L5Kit comes with a handy function to separate an individual scene from a bigger dataset that we can use to unroll a single scene (or a set) of choice.

In [None]:
# ==== EVAL LOOP
scenes_to_unroll = 5
images, collisions, driftings = [], [], []
for scene_idx in range(0, len(eval_zarr.scenes), len(eval_zarr.scenes)//scenes_to_unroll):
    scene_dataset = eval_dataset.get_scene_dataset(scene_idx)
    scene_images, scene_collisions, scene_driftings = unroll_scene(scene_dataset, model)
    images.append(scene_images)
    collisions.append(scene_collisions)
    driftings.append(scene_driftings)

# Qualitative Evaluation: Visualise the Closed-Loop

We can visualise the frames we have stored in the previous cell. 

**DriveNet is now in full control of the AV as it moves through the annotated scene.**

In [None]:
from IPython.display import display, clear_output
import PIL
from time import sleep
 
for frame in images[2]:
    clear_output(wait=True)
    display(PIL.Image.fromarray(frame))
    sleep(0.05)

# Quantitative Evaluation: Plotting Errors from the Closed-Loop

We can collect metrics from different scenes and plot them here.
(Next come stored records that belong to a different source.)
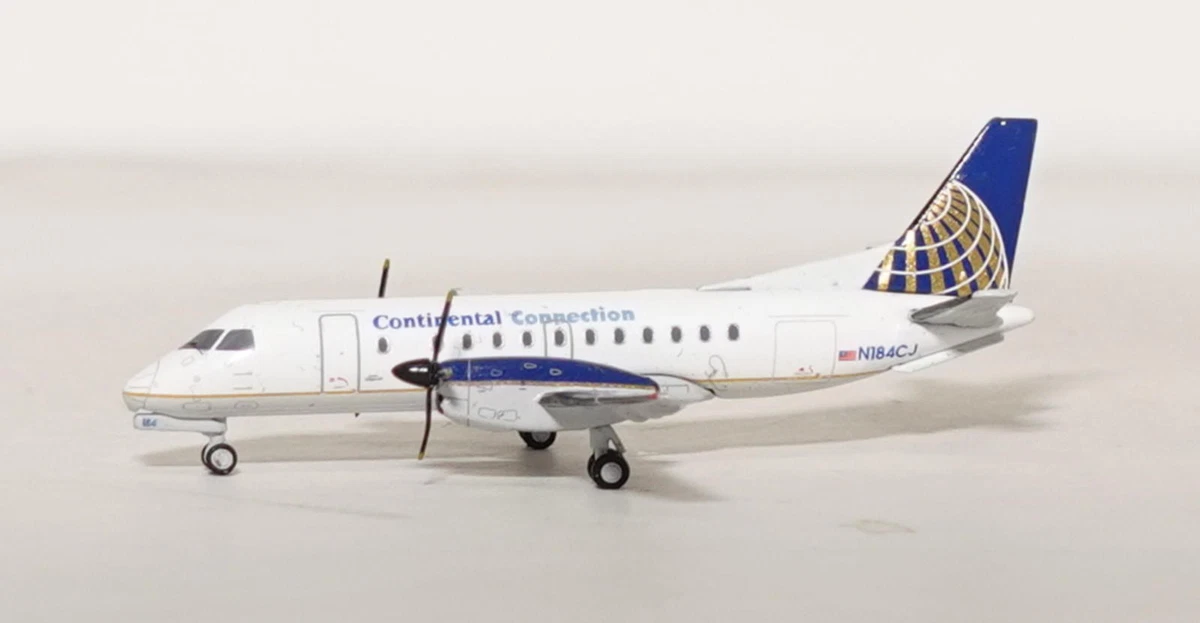 JC Wings Diecast Aircraft & Spacecraft for sale | eBay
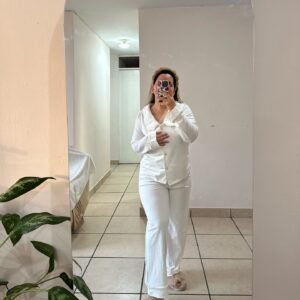 539754099_18515865247029640_8959549982944884189_n Pijamas Mujer: De Invierno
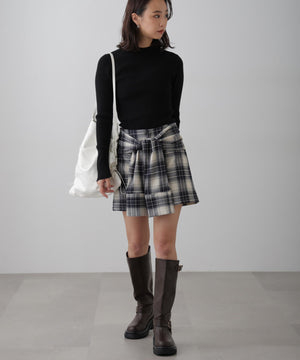 1b9b80ff-f6f9-50b7-8379-308d204d35c7_Image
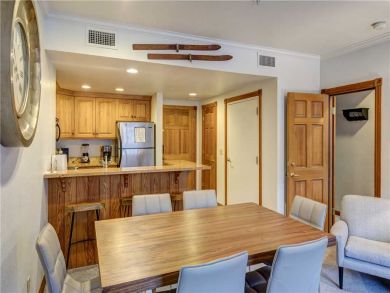 Park City Deer Valley Canyons Resort Home 923157 Park City Deer Valley Canyons Resort Home 923157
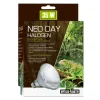 REPTILE PLANET Lampe pour terrarium Neo Day Halogène 35W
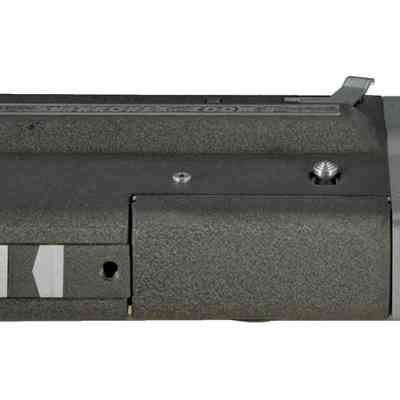 8mm Movie Camera
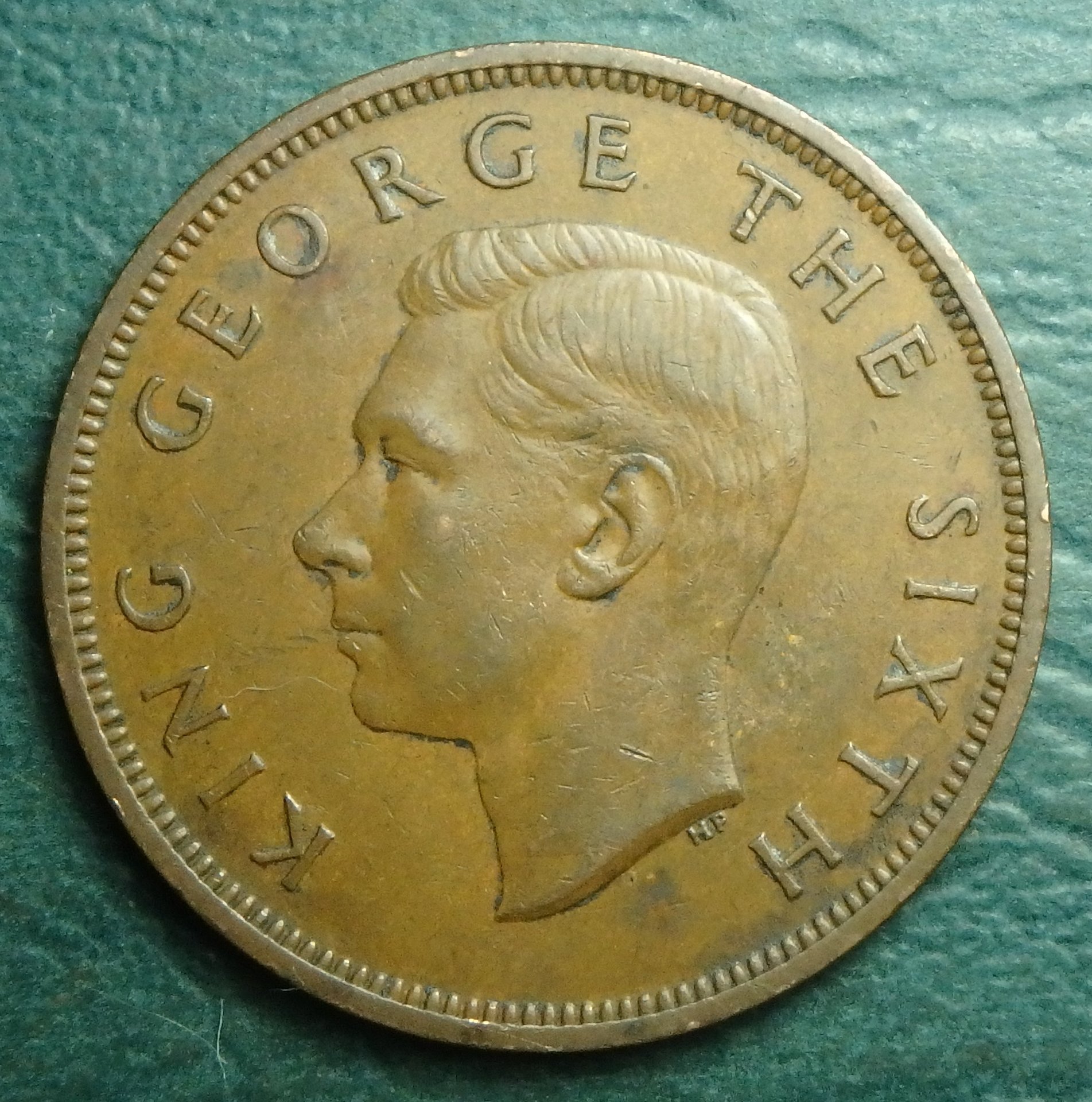 1950 NZ 1 p obv.JPG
For collision, we have split them into *rear, front and side* to better capture the nature of different errors.

In [None]:
collision_names = np.asarray([collision[0] for scene_collisions in collisions for collision in scene_collisions])
driftings = np.asarray([drift for scene_driftings in driftings for drift in scene_driftings])
values = []
names = []

for collision_name in ["front", "side", "rear"]:
    values.append(np.sum(collision_names == collision_name))
    names.append(collision_name)

values.append(np.sum(driftings == True))
names.append("displacement error")

plt.bar(np.arange(len(names)), values)
plt.xticks(np.arange(len(names)), names)
plt.show()